Il costruttore edile Rampazzo (Diego Ribon) e il geometra Colombo (Mirko Artuso) hanno l'idea della vita: prendere un gruppo di fatiscenti complessi alberghieri e trasformarli in residenze assistite di lusso per anziani. In fondo, i vecchi saranno il vero grande business del XXI secolo. Anzi non saranno più nemmeno vecchi, ma i “New Old”, gaudenti detentori della maggior parte delle risorse economiche del pianeta, degni di farsi simboleggiare da una medusa che rinnovando periodicamente le proprie cellule finisce per essere immortale (nota di marketing: sicuri che abbiano piacere di farsi chiamare così, a questo punto?). Rampazzo e Colombo coinvolgono quindi altri imprenditori del Nord Est, tutta gente che si è fatta da sola partendo dal nulla, e una banca importante che crede nell'enormità del loro progetto lungimirante. Quando qualcosa va storto, si scatena una valanga.

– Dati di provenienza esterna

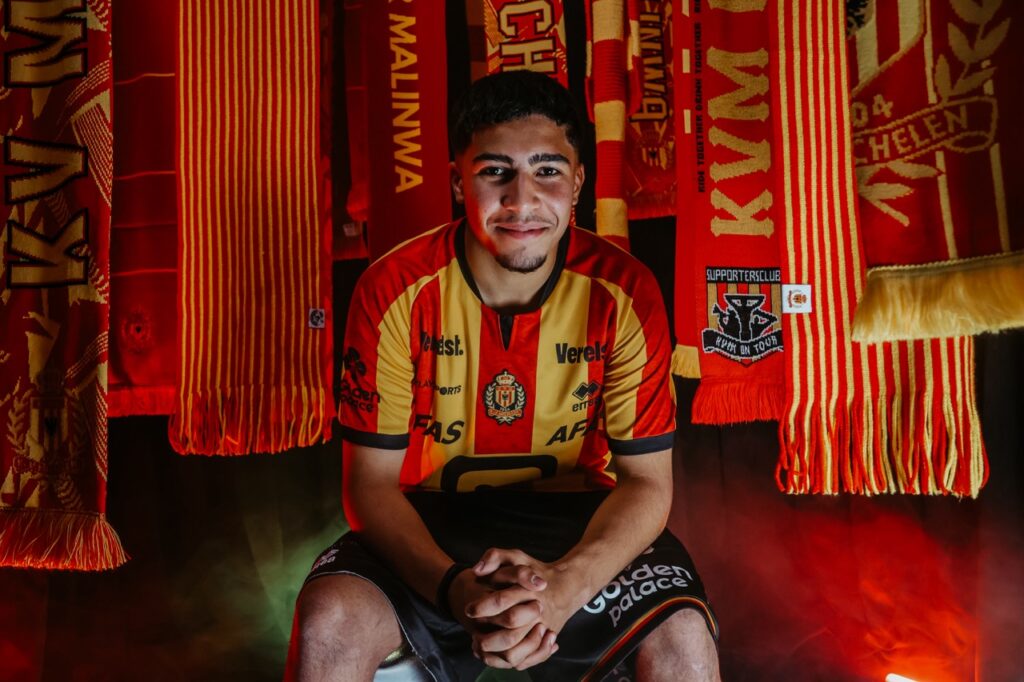 بطل ألمانيا يتعقب خطوات منصف زكري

Effetto domino, presentato a Venezia 2019 nella sezione Sconfini, è sia un trattato esistenziale che un'analisi sociologica impietosa. A partire dal romanzo omonimo di Romolo Bugaro, il regista Alessandro Rossetto, non a caso anche antropologo culturale, costruisce una perfetta contrapposizione fra cosa il capitalismo avrebbe dovuto essere nelle intenzioni di Adam Smith, un sano egoismo dei singoli che riverbera effetti positivi su tutti, e come esso invece si espliciti concretamente nella contemporaneità.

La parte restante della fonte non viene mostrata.